EXERCISE AIM: I would like the records restated word for word, without the pictures.

───── PROVIDED RECORDS

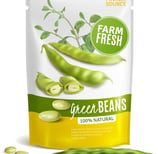 Preserved natural green beans plastic package valuable protein source healthy food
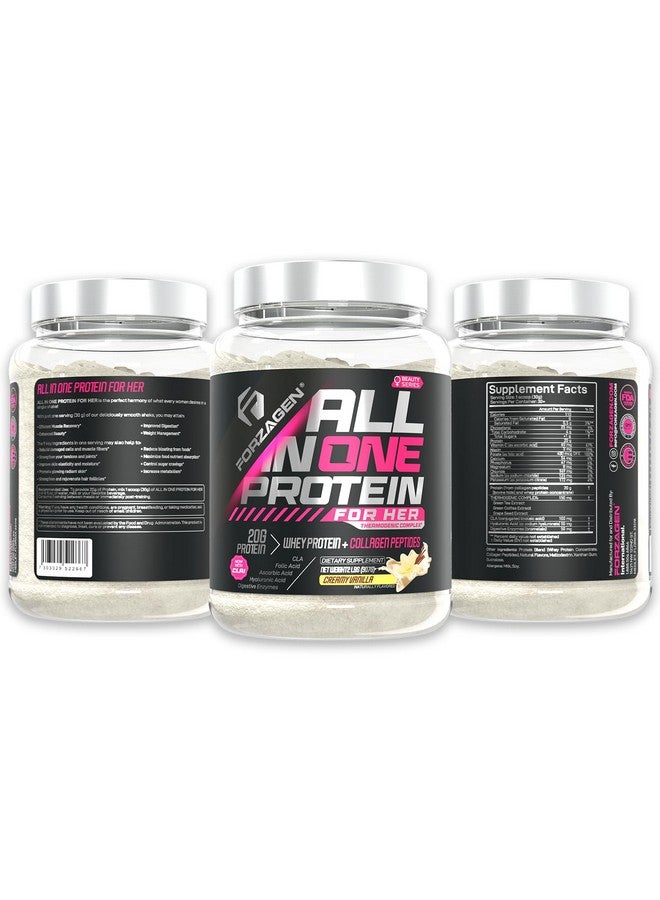 Forzagen All in One Protein for Her | Women’s Protein Powder with Multi Collagen Peptides | Hydrolyzed Collagen Supplement, Gut Health, Great for Pre & Post Workout | Vanilla, 30+ Servings - Image 2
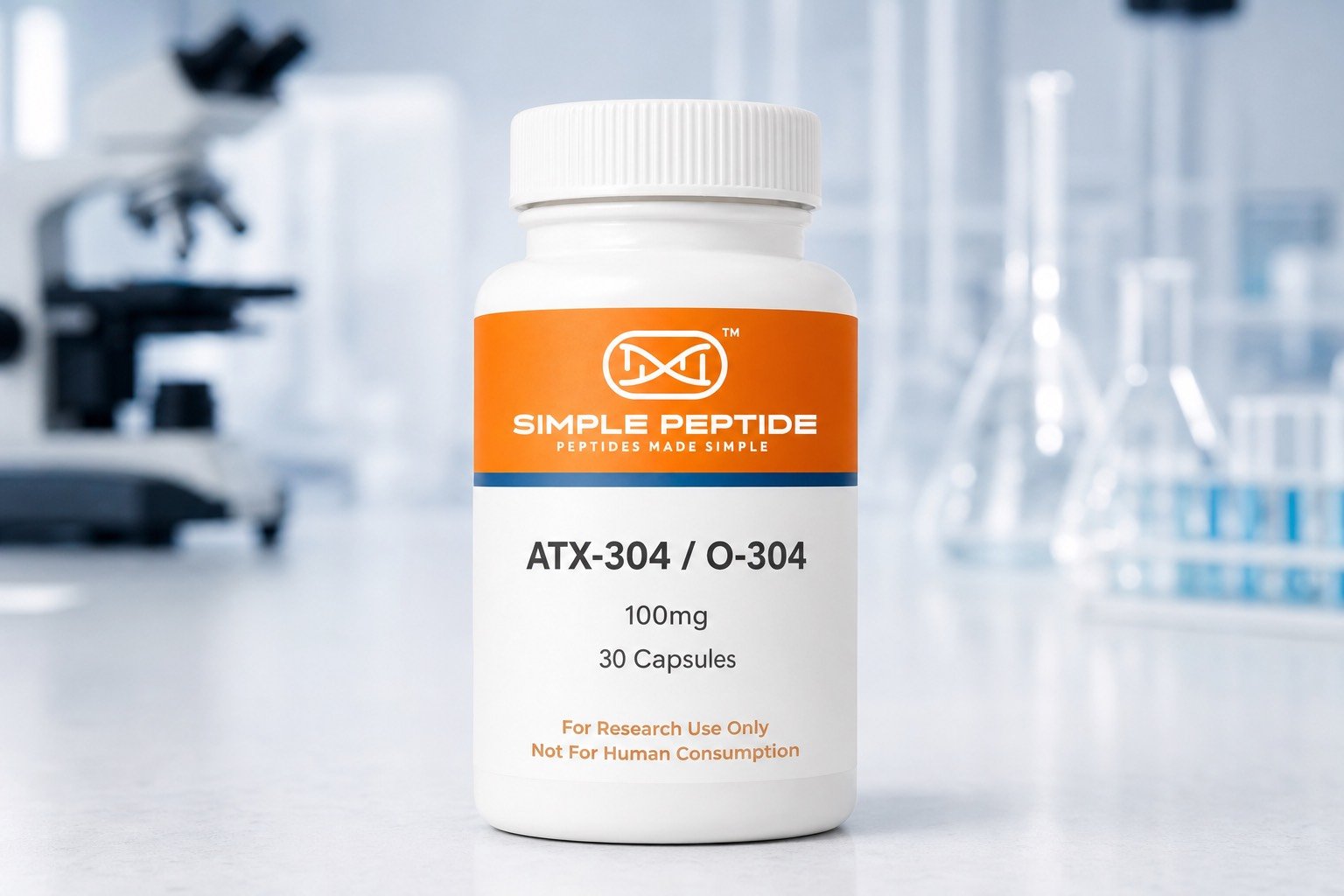 ATX-304 (formerly O304) is a novel, orally bioavailable, peripherally restricted small molecule functioning as a dual pan-AMPK (AMP-activated protein kinase) and mitochondrial activator.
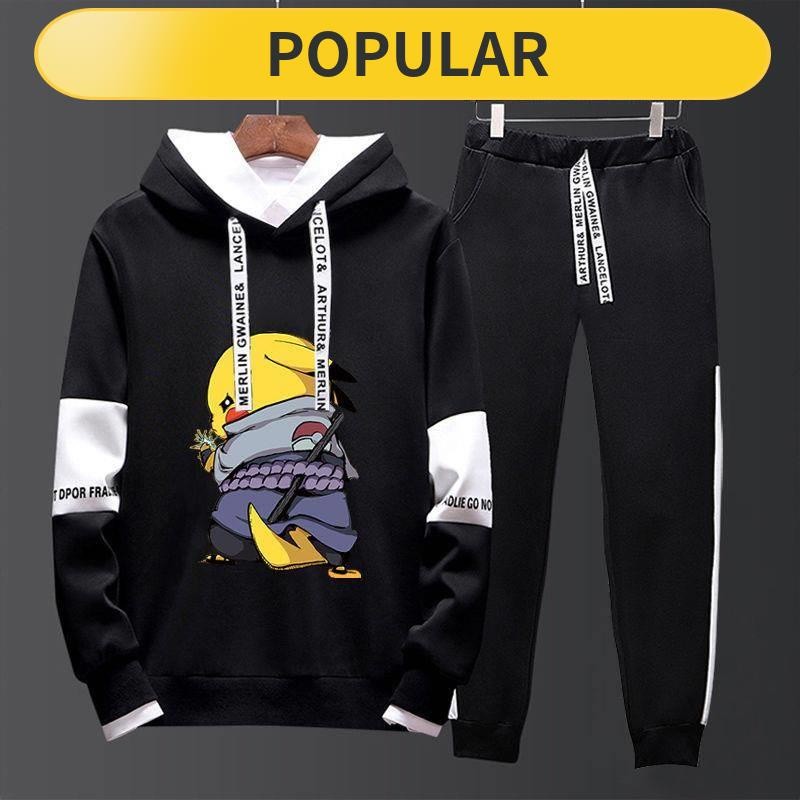 Reliable Quality [] baju t shirt lelaki murah viral kaos Remaja kacak pikachu saman versi Korea hooded sweater p Mult... - Image 2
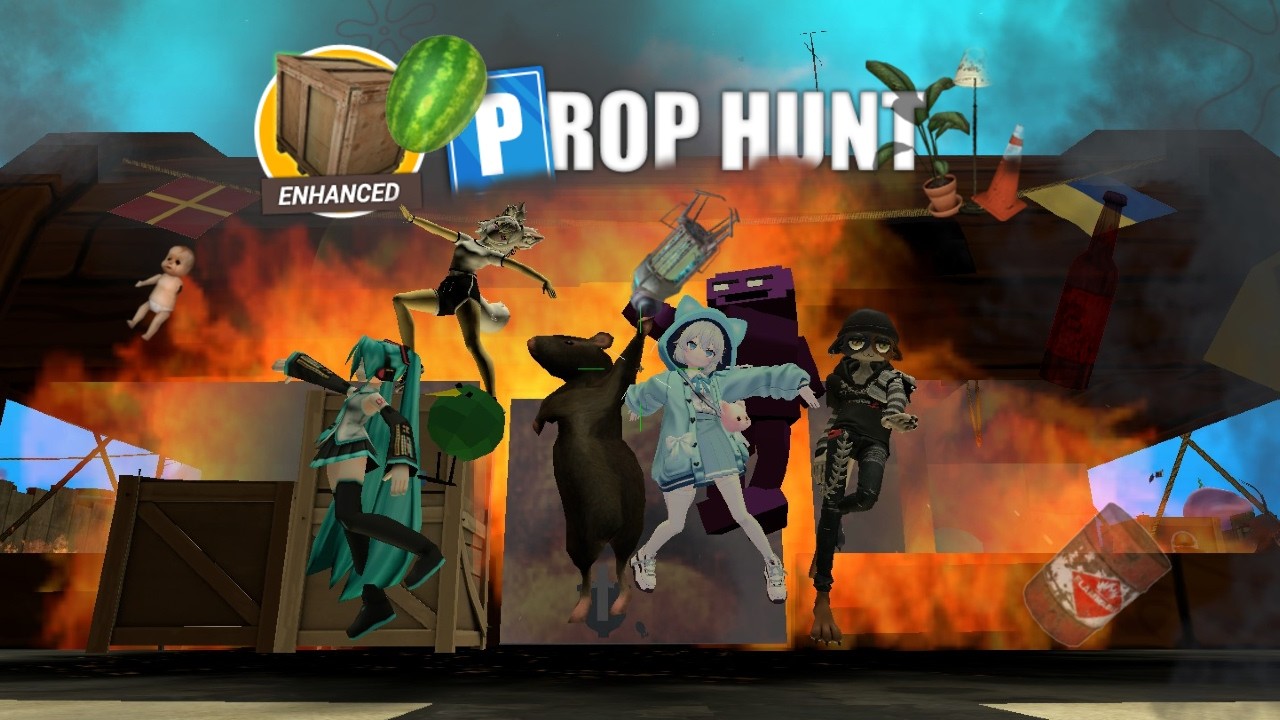 PROP HUNT but we all share two brain cells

──────────

WORKED SOLUTION:
 Preserved natural green beans plastic package valuable protein source healthy food
 Forzagen All in One Protein for Her | Women’s Protein Powder with Multi Collagen Peptides | Hydrolyzed Collagen Supplement, Gut Health, Great for Pre & Post Workout | Vanilla, 30+ Servings - Image 2
 ATX-304 (formerly O304) is a novel, orally bioavailable, peripherally restricted small molecule functioning as a dual pan-AMPK (AMP-activated protein kinase) and mitochondrial activator.
 Reliable Quality [] baju t shirt lelaki murah viral kaos Remaja kacak pikachu saman versi Korea hooded sweater p Mult... - Image 2
 PROP HUNT but we all share two brain cells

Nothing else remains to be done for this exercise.